# taz.de -- Kolumne Männer: Testosteron ist ein lustiges Hormon
       
       > Männer machen Witze, weil sie müssen: Die Evolution hat es so gewollt.
       
       Männer sind witziger als Frauen. Ich lasse diesen Satz einfach mal so
       stehen, damit Sie, liebe Leserin und lieber Leser, sich kurz darüber
       aufregen können. Denn diese Behauptung ist natürlich zutreffend, aber stark
       verkürzt. Das weiß ja jedes Kind. Aber erklären Sie solche Feinheiten mal
       einem Experten.
       
       Auf der Suche nach pseudowissenschaftlichem Blendwerk für eine Kolumne über
       "Männer und Humor" bin ich nämlich über eine Studie gestolpert.

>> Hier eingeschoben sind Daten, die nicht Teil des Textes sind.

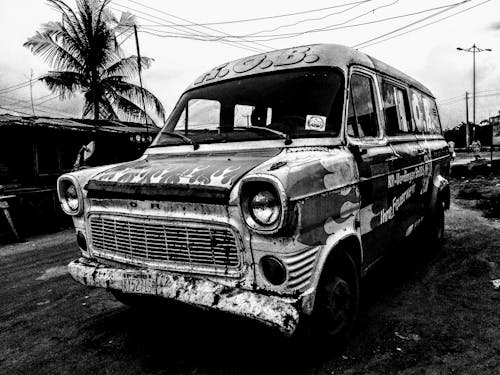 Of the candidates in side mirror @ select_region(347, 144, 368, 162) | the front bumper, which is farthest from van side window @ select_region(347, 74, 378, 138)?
the front bumper

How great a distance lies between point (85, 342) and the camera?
312cm

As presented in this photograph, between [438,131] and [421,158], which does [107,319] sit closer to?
[421,158]

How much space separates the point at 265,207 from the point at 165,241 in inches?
29.7

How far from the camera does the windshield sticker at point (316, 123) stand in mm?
2885

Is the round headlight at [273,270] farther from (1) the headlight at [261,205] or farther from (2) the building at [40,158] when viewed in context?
(2) the building at [40,158]

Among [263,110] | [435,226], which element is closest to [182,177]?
[263,110]

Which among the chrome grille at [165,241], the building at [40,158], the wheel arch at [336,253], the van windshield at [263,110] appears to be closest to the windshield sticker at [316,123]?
the van windshield at [263,110]

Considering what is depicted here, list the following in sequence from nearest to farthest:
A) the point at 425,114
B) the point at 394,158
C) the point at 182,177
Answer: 1. the point at 182,177
2. the point at 394,158
3. the point at 425,114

Professor
       Sam Shuster vom Norfolk and Norwich University Hospital will herausgefunden
       haben, dass Witz, Humor und Testosteronspiegel direkt miteinander
       zusammenhängen. Und zwar durch einen Test, bei dem er auf seinem Einrad
       durch Newcastle upon Tyne balancierte. Dabei - oder danach? - hat er
       aufgezeichnet, wie rund 400 Menschen auf ihn reagierten. Selbst diese
       bizarre Versuchsanordnung konnte nicht verhindern, dass das Ergebnis so
       ausfiel, wie ich es längst erwartet hatte: Männer machen mehr Witze als
       Frauen, und je jünger die Männer sind, desto aggressiver sind ihre
       Bemerkungen.
       
       Pubertierende Jungs riefen Shuster Dinge zu wie: "Fall runter, Opa!"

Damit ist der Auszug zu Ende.